Tuesday, Barr said she was speaking specifically of the need for a grocery store for the Fruit Belt and not for other East Side communities. She declined to respond to a question about the future of the Tops on Jefferson.
Some believe it would be impossible to reopen a store in the same location without once again traumatizing employees and customers. But others say renovating would be the quickest and least expensive way to return a much-needed supermarket to the neighborhood.
"There are other communities I can't speak for because I don't live there, I don't work there," she said. "As a person of color, that doesn't give me the right to push my thoughts and opinions about what they need. We know what we need, we have been very intentional in talking about we needed for years."
During a brief tour of the empty space, Wright's eyes lit up when he described his vision. He gestured to the front of the building, where he envisions "elders just kickin' it with a coffee" and a middle section with affordable produce – not like the corner stores where you have to pay "a dollar for a banana and a dollar for an orange," he said.
Like Wright, Barr sees the African Heritage Food Co-op as more than a grab-and-go market – it is a long-term investment to sustain a neighborhood that she said has experienced "intentional disinvestment."
"We don't have a community center," she said. "This could be our cultural center."
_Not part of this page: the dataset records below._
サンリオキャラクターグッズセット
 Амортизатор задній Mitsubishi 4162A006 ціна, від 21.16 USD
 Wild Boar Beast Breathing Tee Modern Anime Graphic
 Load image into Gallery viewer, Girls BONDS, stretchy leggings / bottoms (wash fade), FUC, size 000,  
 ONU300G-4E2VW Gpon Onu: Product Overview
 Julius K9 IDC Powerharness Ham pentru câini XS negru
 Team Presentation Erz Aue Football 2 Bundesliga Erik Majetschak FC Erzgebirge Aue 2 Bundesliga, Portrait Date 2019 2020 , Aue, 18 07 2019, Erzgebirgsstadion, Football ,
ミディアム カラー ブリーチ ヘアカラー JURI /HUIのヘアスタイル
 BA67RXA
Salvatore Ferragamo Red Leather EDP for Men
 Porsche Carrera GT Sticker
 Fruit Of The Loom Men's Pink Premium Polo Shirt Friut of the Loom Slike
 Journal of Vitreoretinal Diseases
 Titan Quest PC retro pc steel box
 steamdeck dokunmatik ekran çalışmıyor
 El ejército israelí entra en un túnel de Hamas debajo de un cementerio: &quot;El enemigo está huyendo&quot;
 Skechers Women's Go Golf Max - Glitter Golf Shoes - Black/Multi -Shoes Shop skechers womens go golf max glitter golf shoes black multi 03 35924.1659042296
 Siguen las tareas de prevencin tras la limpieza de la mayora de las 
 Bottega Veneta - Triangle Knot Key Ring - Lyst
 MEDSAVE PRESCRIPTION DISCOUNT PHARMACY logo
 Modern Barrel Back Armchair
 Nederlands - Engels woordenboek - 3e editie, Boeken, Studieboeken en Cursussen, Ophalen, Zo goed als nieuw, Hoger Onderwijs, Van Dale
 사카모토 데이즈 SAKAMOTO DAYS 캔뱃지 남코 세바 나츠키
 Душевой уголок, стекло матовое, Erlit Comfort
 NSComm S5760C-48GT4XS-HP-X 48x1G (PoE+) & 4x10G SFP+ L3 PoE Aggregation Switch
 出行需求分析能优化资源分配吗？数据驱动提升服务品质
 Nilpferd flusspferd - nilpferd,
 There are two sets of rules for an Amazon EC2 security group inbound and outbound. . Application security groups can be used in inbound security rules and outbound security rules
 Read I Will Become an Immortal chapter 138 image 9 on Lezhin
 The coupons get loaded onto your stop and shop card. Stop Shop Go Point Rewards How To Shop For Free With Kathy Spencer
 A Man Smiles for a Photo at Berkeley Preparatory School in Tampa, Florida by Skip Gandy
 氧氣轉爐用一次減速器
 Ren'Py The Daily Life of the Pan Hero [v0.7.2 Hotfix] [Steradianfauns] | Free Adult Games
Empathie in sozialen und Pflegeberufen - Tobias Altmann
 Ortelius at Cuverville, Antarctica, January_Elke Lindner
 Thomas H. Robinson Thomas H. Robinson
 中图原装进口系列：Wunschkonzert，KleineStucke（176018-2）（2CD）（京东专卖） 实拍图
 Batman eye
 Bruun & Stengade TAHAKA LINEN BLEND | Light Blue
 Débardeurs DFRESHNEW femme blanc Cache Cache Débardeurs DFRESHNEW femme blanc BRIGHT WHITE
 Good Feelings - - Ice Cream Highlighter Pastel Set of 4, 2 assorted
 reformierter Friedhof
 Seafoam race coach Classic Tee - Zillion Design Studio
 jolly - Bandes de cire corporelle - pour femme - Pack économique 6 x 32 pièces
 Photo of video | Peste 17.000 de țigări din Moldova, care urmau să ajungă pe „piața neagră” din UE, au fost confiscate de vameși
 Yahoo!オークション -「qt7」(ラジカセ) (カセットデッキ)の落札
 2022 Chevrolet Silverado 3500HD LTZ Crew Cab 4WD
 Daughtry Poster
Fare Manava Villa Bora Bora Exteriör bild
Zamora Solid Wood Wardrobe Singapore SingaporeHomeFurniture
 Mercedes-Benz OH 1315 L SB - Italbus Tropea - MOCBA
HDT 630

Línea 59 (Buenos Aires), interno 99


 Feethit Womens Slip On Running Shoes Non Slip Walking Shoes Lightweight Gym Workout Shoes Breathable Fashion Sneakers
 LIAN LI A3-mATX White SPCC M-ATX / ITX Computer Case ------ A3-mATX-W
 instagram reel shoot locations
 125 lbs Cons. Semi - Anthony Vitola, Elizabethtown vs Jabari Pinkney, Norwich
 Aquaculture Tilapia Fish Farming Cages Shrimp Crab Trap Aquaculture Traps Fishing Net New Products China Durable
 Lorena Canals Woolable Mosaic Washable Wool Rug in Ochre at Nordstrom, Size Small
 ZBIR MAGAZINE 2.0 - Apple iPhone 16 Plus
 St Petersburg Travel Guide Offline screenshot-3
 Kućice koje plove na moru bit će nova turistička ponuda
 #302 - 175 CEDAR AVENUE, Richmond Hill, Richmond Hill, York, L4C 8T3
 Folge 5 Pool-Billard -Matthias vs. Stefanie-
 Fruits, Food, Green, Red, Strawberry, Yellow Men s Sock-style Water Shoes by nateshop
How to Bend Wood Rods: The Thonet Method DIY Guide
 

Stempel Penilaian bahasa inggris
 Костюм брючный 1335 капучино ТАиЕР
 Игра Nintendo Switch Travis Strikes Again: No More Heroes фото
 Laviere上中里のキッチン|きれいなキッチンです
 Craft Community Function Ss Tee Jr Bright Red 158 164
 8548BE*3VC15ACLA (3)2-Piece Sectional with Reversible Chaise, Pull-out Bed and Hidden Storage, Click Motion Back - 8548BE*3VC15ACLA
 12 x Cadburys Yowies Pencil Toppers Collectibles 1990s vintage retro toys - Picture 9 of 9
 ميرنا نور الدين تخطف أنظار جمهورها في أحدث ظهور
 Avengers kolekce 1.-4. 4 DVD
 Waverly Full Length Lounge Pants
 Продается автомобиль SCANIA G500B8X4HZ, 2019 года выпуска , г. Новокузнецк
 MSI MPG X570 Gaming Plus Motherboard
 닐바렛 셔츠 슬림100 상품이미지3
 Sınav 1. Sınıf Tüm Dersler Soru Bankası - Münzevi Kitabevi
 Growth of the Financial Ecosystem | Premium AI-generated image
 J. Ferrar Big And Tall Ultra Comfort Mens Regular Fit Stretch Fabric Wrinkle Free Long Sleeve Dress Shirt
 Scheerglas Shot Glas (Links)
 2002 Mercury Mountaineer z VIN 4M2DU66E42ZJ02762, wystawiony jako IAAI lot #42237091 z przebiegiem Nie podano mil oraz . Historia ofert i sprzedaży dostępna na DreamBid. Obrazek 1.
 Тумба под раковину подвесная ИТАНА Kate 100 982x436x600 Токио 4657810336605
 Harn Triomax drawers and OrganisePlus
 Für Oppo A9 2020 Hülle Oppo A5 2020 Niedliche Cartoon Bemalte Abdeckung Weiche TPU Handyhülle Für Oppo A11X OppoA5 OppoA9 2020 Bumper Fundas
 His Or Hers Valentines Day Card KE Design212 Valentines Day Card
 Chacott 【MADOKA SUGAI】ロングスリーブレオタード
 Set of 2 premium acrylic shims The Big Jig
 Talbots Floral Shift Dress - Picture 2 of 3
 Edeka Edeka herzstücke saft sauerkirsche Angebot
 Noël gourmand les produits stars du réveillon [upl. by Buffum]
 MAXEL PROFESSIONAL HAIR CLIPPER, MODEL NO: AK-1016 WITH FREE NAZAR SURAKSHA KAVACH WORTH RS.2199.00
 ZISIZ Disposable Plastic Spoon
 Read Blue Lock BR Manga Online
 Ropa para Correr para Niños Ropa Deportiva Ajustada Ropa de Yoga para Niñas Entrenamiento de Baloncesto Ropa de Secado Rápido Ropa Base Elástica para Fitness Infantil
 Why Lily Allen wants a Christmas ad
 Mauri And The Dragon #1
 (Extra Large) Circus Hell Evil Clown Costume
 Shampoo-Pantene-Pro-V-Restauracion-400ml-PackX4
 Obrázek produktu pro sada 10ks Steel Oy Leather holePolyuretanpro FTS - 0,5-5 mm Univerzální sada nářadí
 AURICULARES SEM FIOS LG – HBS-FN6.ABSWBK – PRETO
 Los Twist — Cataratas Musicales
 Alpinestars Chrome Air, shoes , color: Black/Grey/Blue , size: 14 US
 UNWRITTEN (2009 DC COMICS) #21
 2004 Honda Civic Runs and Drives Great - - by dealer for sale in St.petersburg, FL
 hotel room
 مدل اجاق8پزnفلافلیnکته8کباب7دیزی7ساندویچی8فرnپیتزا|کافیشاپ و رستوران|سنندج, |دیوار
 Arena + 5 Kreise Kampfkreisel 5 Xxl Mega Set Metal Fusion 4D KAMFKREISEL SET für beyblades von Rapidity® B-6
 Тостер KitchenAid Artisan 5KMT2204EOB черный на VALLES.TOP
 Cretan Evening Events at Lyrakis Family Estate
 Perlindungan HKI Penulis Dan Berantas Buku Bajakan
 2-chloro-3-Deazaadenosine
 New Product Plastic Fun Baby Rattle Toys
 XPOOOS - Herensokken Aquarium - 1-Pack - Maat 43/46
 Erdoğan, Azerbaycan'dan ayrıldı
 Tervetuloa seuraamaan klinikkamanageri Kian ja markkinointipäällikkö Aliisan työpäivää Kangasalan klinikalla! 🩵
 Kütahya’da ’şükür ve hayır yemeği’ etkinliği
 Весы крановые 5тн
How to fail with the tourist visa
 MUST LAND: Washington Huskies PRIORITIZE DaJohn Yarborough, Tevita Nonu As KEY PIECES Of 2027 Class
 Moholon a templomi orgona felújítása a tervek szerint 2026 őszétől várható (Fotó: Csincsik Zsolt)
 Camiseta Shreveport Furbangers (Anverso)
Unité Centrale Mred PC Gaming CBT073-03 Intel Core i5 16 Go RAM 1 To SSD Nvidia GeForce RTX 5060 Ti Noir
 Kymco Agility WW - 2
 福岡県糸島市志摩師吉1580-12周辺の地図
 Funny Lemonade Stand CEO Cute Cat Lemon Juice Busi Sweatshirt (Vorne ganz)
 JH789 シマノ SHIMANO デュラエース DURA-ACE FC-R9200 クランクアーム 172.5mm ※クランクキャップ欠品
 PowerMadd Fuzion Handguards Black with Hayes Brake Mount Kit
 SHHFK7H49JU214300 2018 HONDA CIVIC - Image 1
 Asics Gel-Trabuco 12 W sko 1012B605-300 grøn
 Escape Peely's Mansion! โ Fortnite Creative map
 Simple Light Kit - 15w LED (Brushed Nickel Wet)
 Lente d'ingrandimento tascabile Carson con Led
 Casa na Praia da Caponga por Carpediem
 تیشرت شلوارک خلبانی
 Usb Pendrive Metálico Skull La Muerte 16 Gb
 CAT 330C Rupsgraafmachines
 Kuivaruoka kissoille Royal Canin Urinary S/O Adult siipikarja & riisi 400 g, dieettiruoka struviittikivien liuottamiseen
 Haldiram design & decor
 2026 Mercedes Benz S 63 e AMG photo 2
The sense of ownership and well-rounded purpose are what Wright and Barr think can make the co-op a Fruit Belt fulcrum.
"You have that whole feeling, that community is something you can't buy and can't fabricate, man. It's real. It's like the FUBU of produce," Wright said, citing the sportswear brand abbreviated from "For us, by us."
Ben Tsujimoto can be reached at btsujimoto@buffnews.com, at (716) 849-6927 or on Twitter at @Tsuj10.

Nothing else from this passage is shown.